Please transcribe exactly the lines from the line holding "Popilush Thong Bodysuit" through the end of the data below, and skip any pictures.
-- DATA FOR ANALYSIS follows --
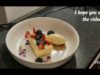 (Creme brulee) Κρεμ μπρουλέ με φρούτα του δάσους και Σάλτσα από βρώσιμα λουλούδια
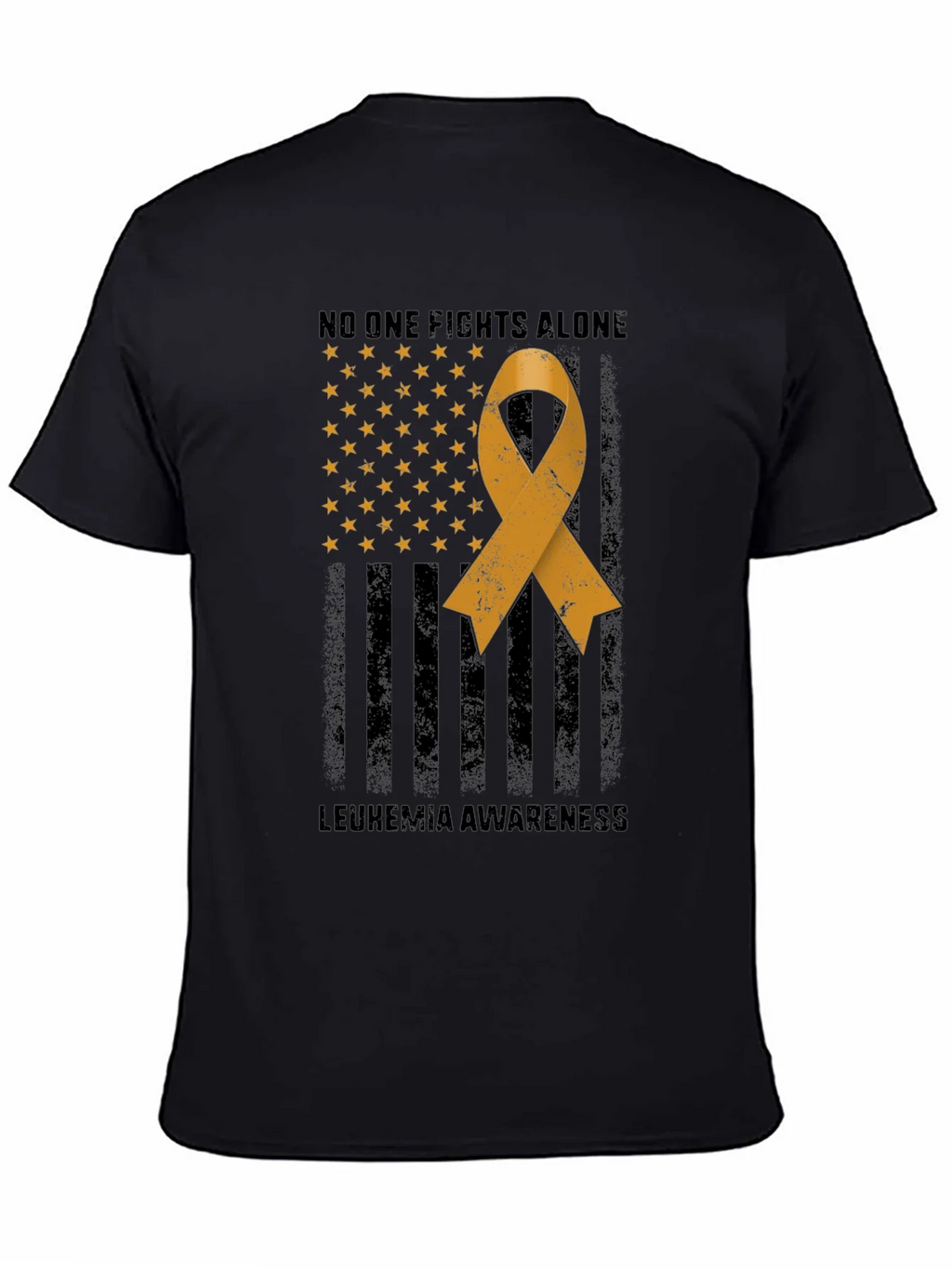 Leukemia Awareness Tee - No One Fights Alone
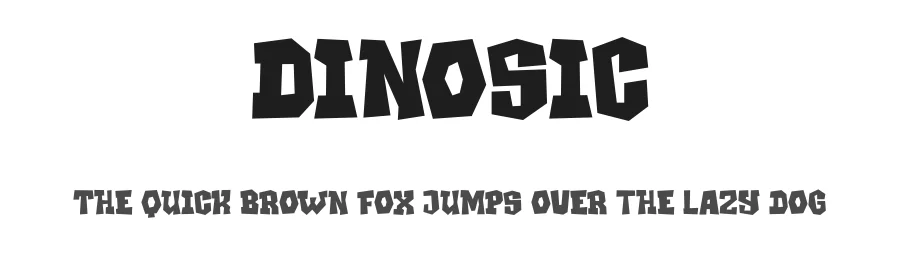 Dinosic by Lettersweet โ Display Font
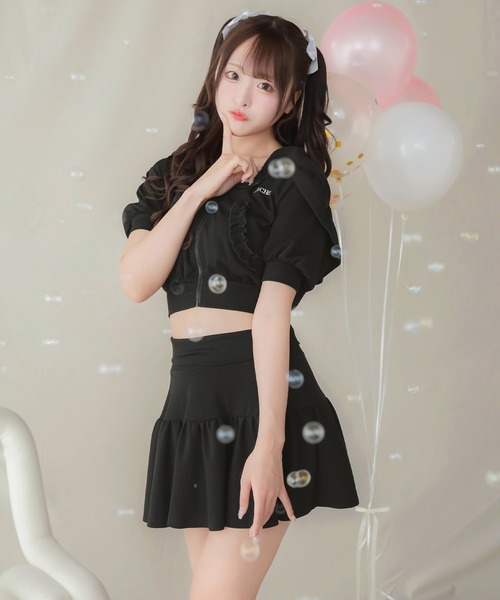PriCHOU スカート Sweat Frill Mini Skirt/スウェットフリルミニ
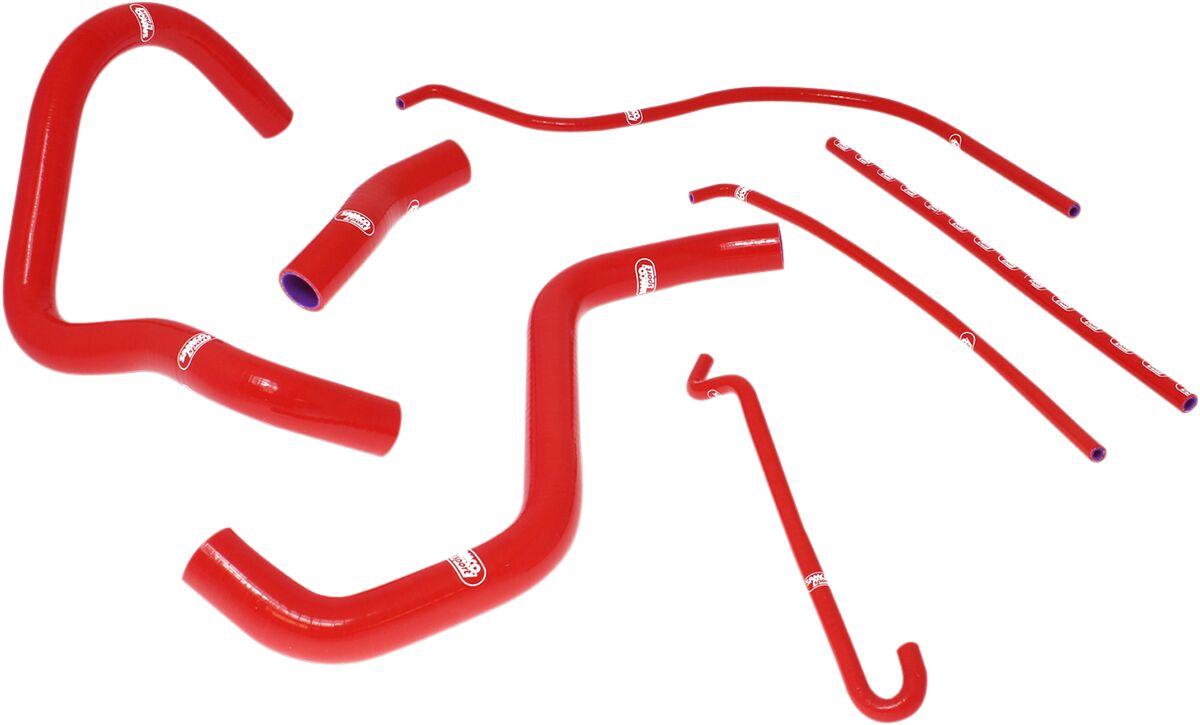 SUZ-35-RD - Samco Radiator Hose Kit For Suzuki GSX1300R 2008-2017 - Red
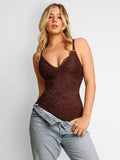 Popilush Thong Bodysuit Lace Smooth Firm Control Thong Bodysuit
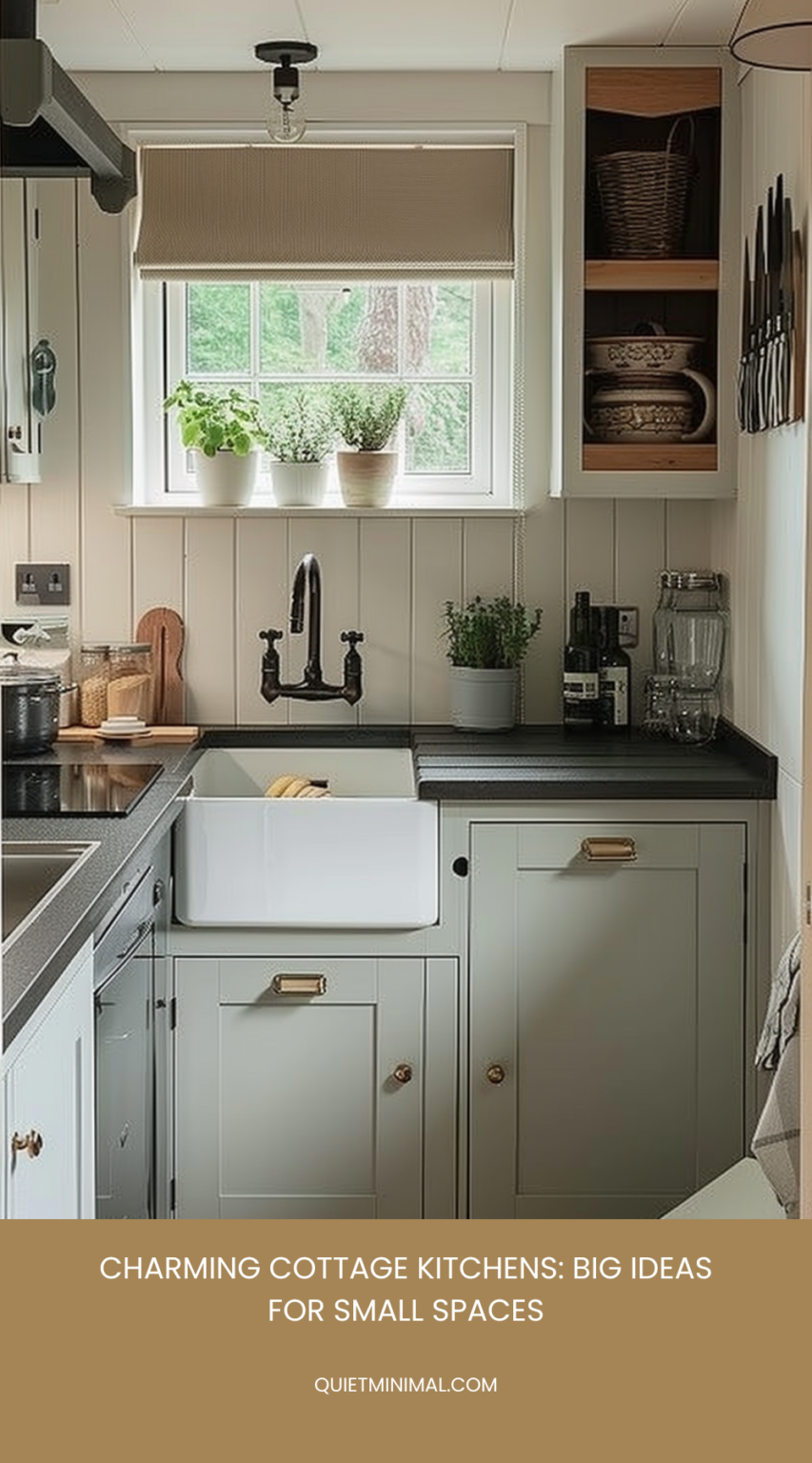 40 Tiny Cottage Kitchen Ideas: Small Space, Big Style - Quiet Minimal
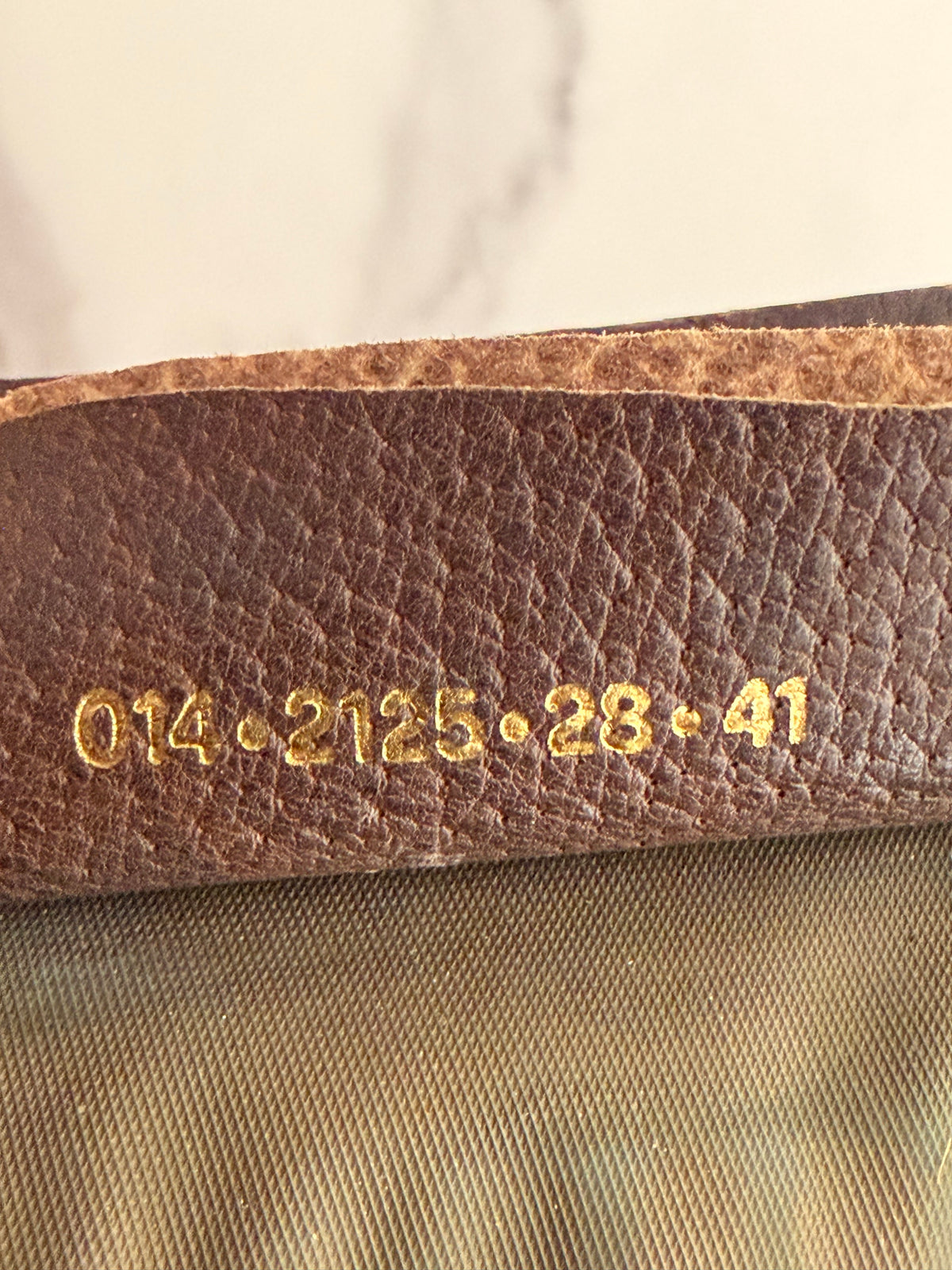 Gucci GG Sherry Line clutch on strap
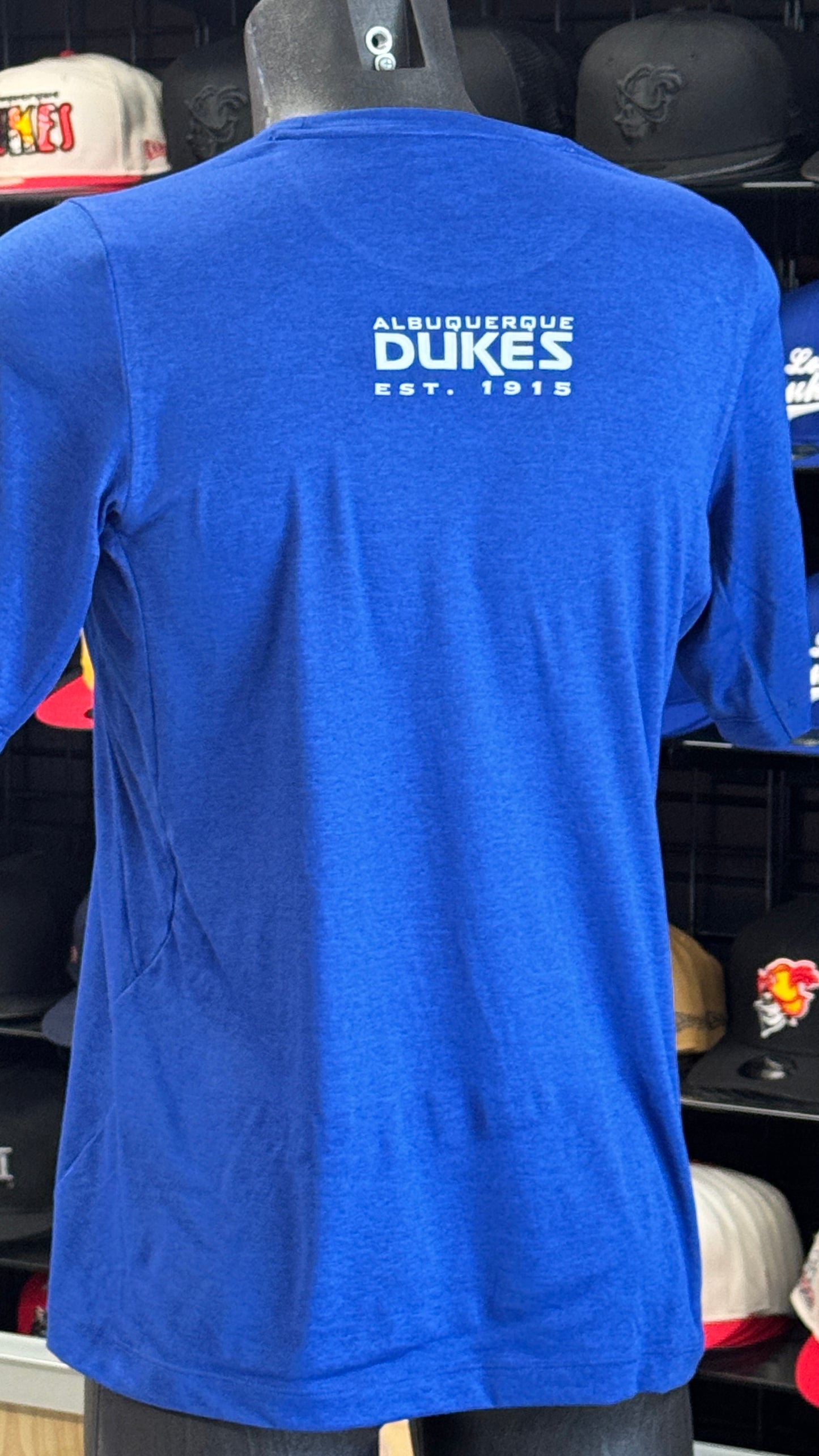 Albuquerque Dukes New Era Royal Blue White Dukes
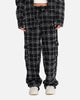 XXIII Boucle Tweed Cargo Pants Black/White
-- DATA FOR ANALYSIS concluded --
_OUTPUT BELOW_
 Popilush Thong Bodysuit Lace Smooth Firm Control Thong Bodysuit
 40 Tiny Cottage Kitchen Ideas: Small Space, Big Style - Quiet Minimal
 Gucci GG Sherry Line clutch on strap
 Albuquerque Dukes New Era Royal Blue White Dukes
 XXIII Boucle Tweed Cargo Pants Black/White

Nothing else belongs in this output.